It seems the closer we get to December 21, 2012, the more we hear the “doomsday” myth repeated. It shows up in films, television commercials, cable specials, and print ads. To Maya priests, however, December 21, 2012, or Oxlajuj Baktum, does not signal the end of the world. The date actually marks the end of a 5,129-year Long Count calendar cycle, the end of one cycle and the beginning of another.

“I want to send a message to everyone in North America, and the rest of the world: You don’t have to be afraid, because 2012 isn’t going to end the world. [There will be] a new era of peace. Maybe the filmmakers weren’t listening when they asked about 2012, or maybe they got it from a bad source. But they are taking advantage of our culture, and profiting from it,” says Julian Velazquez, a Maya spiritual guide in Momostenango, Guatemala.

A recent discovery of a Maya mural in a chamber in Xultún, a large Maya archaeological site that flourished between 600 and 800 CE, provides additional confirmation that December 21, 2012 does not portend the end of the world. The mural, which is located near the Preclassic site of San Bartolo in the Petén Jungle of northern Guatemala, depicts the cyclical nature of time; the chamberwalls are covered in calculations that are thought to have aided scribes in tracking time.

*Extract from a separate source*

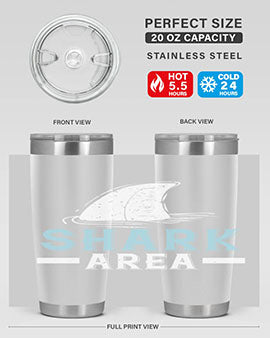 shark area Style 44#- shark  fish- Tumbler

The mural includes glyphs and columns of numbers in the form of bars and dots, based on astronomical observations. Scholars believe that the glyphs refer to dates thousands of years into the future—perhaps as far as 7,000 years from the time they were painted—further undermining the misconception that the Maya were predicting the end of the world on December 21, 2012.

In a full excavation of the site last year, William Saturno, a Boston University archaeologist, and his team of students found what they believe to be the ancient workroom of a Maya scribe, a record-keeper of Xultún. The scribe’s calculations are barely visible hieroglyphic texts depicted on the east and north walls of the chamber that appear to represent various calendar cycles the Maya were noted for: the 260-day ceremonial calendar, the 365-day solar calendar, the 584-day cycle of Venus, and the 780-day cycle of Mars.

At the time the mural was created, Xultún was suffering through a period of intense drought. Throughout the region, cities were collapsing. In times of difficulty, the Maya turned to their leaders for guidance in appeasing the gods. In turn Maya leaders consulted astronomers and scribes, who used a combination of past events and complex arithmetic to predict the future. Placed in this context, the calculations in the mural appear to have been a practical response by the people of Xultún trying to make sense of what was happening.

While it is impossible to know the Maya’s intentions with exact certainty, one thing is clear: on December 22, the world will still be here. As for the myth of 12/21/2012? We predict We predict the end is near.